Monday, July 7, 2008

Who they are and who we are

The horses lean neck first in a run, eyes captured in bold, wild athleticism. The detail in the flare of the nostrils is so fine you can almost hear the snort and the heavy breath. The horses appear animated, alive, and in motion, even though the medium is merely charcoal on stone. This is the work of artists who have carefully studied the animals in their world and have attempted to bring them back to life deep underground. The Chauvet cave paintings are between 11 thousand and 37 thousand years old. The artists were nomads wandering the lands in the south of what many millennia later would become France. Neanderthals walked the Earth at the same time as these Homo sapiens artists and some fifteen hundred generations separate us. Judith Thurman brings this drama to life in a June article in the New Yorker magazine. I read it on the same day I was re-reading "Carl Sagan’s Cosmic Connection". I found the overlap to be interesting.

Carl Sagan is the gentle and intelligent voice in the extraterrestrial debate. Many of us grew up with him in a wondrous exploration of the stars. His love of science and of his deep imagination took him many places in speculation. However, he always rooted his examinations in the practicalities of science. Sagan doesn’t bother with trying to predict what extraterrestrial life may look, act and perform like. He is interested in all of the possibilities and what that means for us.

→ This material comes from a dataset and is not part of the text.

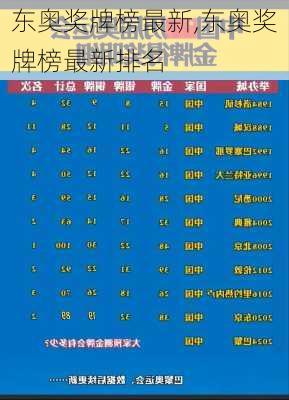 东奥奖牌榜最新,东奥奖牌榜最新排名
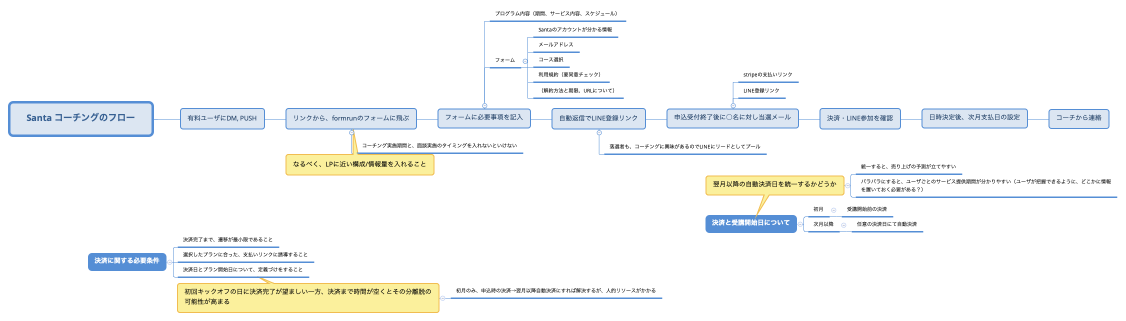 Santa コーチングのフロー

One line struck me as funny though, the moment I read it. In his classic essay “Cables, Drums and Seashells” Sagan takes up the issue of how advanced a visiting or communicating extraterrestrial civilization might be compared to us. He talks about the number of civilizations that might be more technologically advanced than us and how a hundred or several thousand years could make a huge gulf in technological difference. Then comes the line:

“It is possible that we are so backward and so uninteresting to such civilizations as not to be worthy of contact, or at least much contact,” Sagan says. “There may be a few specialists in primitive planetary societies who receive master’s or doctor’s degrees in studying Earth or listening to our raspy radio and television traffic.”

I couldn’t help but think of the horses. Picasso was enraptured when he saw them, reportedly saying to his guide “They’ve invented everything.” Thurman goes on to describe all of the pigment techniques, brushing, even airbrushing by mouth that the artists used in their endeavors. And still what stands out is the beauty. They captured the essence of horse and even today, thousands and thousands of years later, we are entranced.

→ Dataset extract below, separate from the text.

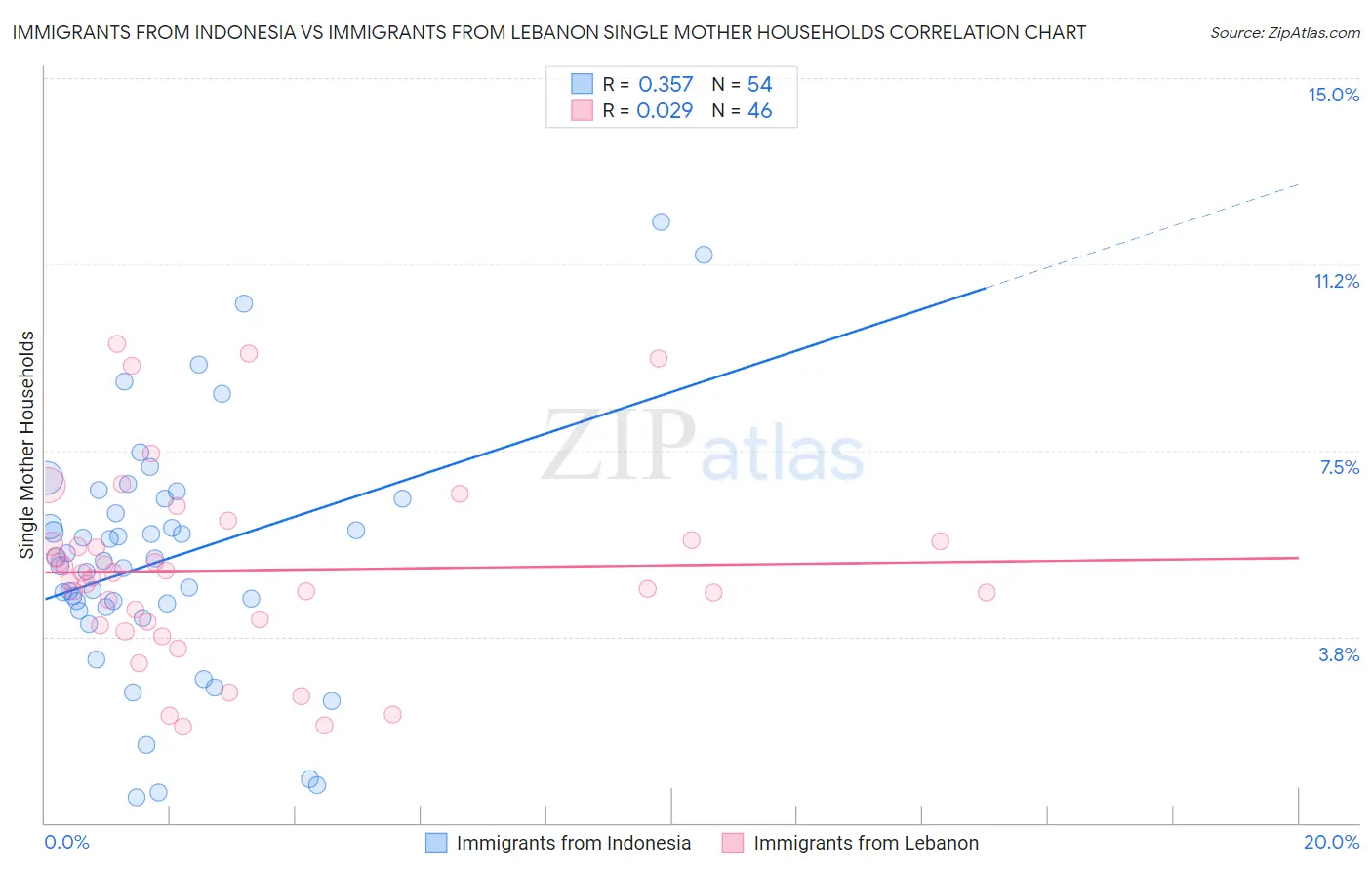 Immigrants from Indonesia vs Immigrants from Lebanon Single Mother Households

So, is it that hard to believe that an extraterrestrial civilization might find something worthwhile and interesting in our society, some reason worth making First Contact? 32 thousand years have lead to unimaginable changes in technology. The artists of the Chauvet caves would never be able to comprehend the Internet or satellites. And yet they could probably sit with any of the top artists of our time and communicate without a word.

Perhaps it is our music. Maybe singing is something that does not occur in many other civilizations? Who knows, our extraterrestrial visitors could be big Maria Callas fans? I would argue that there would be plenty of reasons to contact a society as primitive as ours. Over the last several hundred years we have developed more advanced ways of approaching our primitive societies. Science has built a protective wall around such cultures in many places. Sure, we can still be brutes in how we deal with each other. But if we have come this far, who knows where we will be in ten thousand years? It is quite possible that advanced civilizations will view us with paternal care by building protections into any First Contact situation.

We can’t expect that level of care and we must certainly be prepared for much worse. But if we can find a few simple ways to share the fellowship of being, there can be a bond that would be worth developing. At the very least we can show them the Chauvet cave paintings. We could sit in the depths and stare in wonder, silence and awe. When we finally spoke, we could simply say “This is us. This is what we are capable of. This is what we offer the rest of the universe.”